Holidays bring mixed emotions to everyone whether you’re in recovery or not. The holidays could be a happy family gathering, a family feud, a lonely day, or another day at the job for those who work holidays.

When I was in active addiction, holidays were a day of disaster. I would be filled with so many negative emotions, all while putting on a mask that everything was just fine. Guilt would overwhelm me when I would be strolling in late, empty-handed, dressed terribly, and with the attitude of wanting to get the holiday celebration over with.

The morning of the holiday, I would be scrambling around trying to make sure I could get enough drugs so that I wouldn’t be in withdrawal and could be able to somewhat function during my family gathering. So many lies would come flying out of my mouth when I would see my family. I would try to convince everyone that I had a job, a functional healthy relationship, a beautiful apartment, and most importantly; that I’m happy. I didn’t want anyone to know what was really going on behind closed doors. I most certainly wasn’t ready to receive any type of help, so why let everyone down by saying the truth of what my life was like? And why humiliate myself more than I already was? While a cousin of mine would be bragging about her new home, beautiful marriage, and pregnancy, I was sitting there thinking, “yeah my life update is that the most exciting thing about my day is when I get a deal on my heroin purchase. Or that I spend my day scraping for money for dope so that I can simply get up, eat, and shower. Or that it’s considered a successful day when I don’t break my needle or maybe get a little nod session.”

Although I thought I had my family fooled that my life was going great, they knew that it was all a lie. They may have not known the extent of how bad my addiction was, but they knew that almost every word out of my mouth was a lie and that I was far from fine. It was devastating for me deep inside. Deep inside the real Ally was still there, but every time she tried to come alive, Addict Ally suppressed her even more. Ally wanted to scream for help. Ally wanted to say the truth of what her life was really like. When family members would offer help, Ally wanted to accept it. However, Addict Ally was always louder. She would shut Ally up quickly and answer for her. Addict Ally loves saying no to help. She loves lying and she loves making Ally feel terrible for the pain she’s causing her family, all to keep Addict Ally alive and thriving.

That’s how my holidays for the past couple years have been spent in a nutshell.

This year was different. For every single holiday.

I spent the holidays not only in sobriety, but in recovery. I was present, both physically and mentally, with my family. I was able to enjoy the time with my family and I didn’t want the celebration to end. My family met a whole new me!

I also spent the holidays working at the sober house that I work for. I had the opportunity to show the women there that holidays can be celebrated and enjoyed SOBER! I really enjoyed the time spent with them and I’m so glad that they enjoyed their holiday as well.

I ended 2016 with so much gratitude. 2016 was an amazing year for me.
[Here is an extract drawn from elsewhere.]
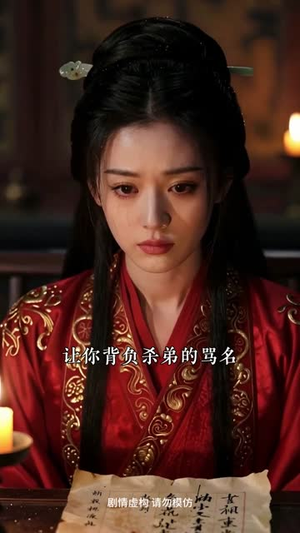 主母的反向荣华（47集）短剧爆款全集在线播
I’ve had terrible years for the past 6-7 years, so I’m grateful to have finally had a good one. There were SO many times that life tried to knock me down this year, but each time I was tried, I reached my hand out to the Lord and He grabbed it. He lifted me up and showered me with His grace, love, and comfort. He directed and guided my every step and allowed me to rely on faith alone when my vision was completely blurred. By relying on faith and staying obedient to Him, He blessed me beyond my wildest dreams.

I’m so excited to see what God has planned for 2017 and I’m even more excited for the upcoming testimonies this new year will bring.


2 Replies to “Holidays in Recovery”

  1. RaiC says:

    I’m glad that your holidays have been more brighter and that you’ve been able to celebrate being true to yourself. I’m happy to hear that you’ve been able to experience such a drastic change in your experience and in your perspective. I find it so interesting that our families and friends always know when something is a little different or off from what they’re use to. As much as we think we’re hiding or fronting, they see right through it and for the most part, will speak on it. I really appreciate the people in my life who come to me or find a way to let me know, that they are aware of some changes. Them noticing is even a big deal… shows that someone does in fact care enough to notice ya know.

    Although holidays are a time to connect with family and friends, from the convos that I’ve had… for me and a lot of my friends it’s been a time of self reflection. Listening to everyone’s personal updates and exaggerations sometimes when the family gathers, really gets me to thinking about everything I have and have yet to accomplish. Really gets me in my feelings, never fails lol Anyways, I am really happy for you and I’m glad that you had such a better experience this year.

  2. torry22 says:

    I love this so much!! I think that no matter what you are in Recovery for, Holidays can be rough. I know that my family could tell I was lieing about being okay. But, this holiday season was different for me too. So happy for you, great blog and thanks so much for sharing!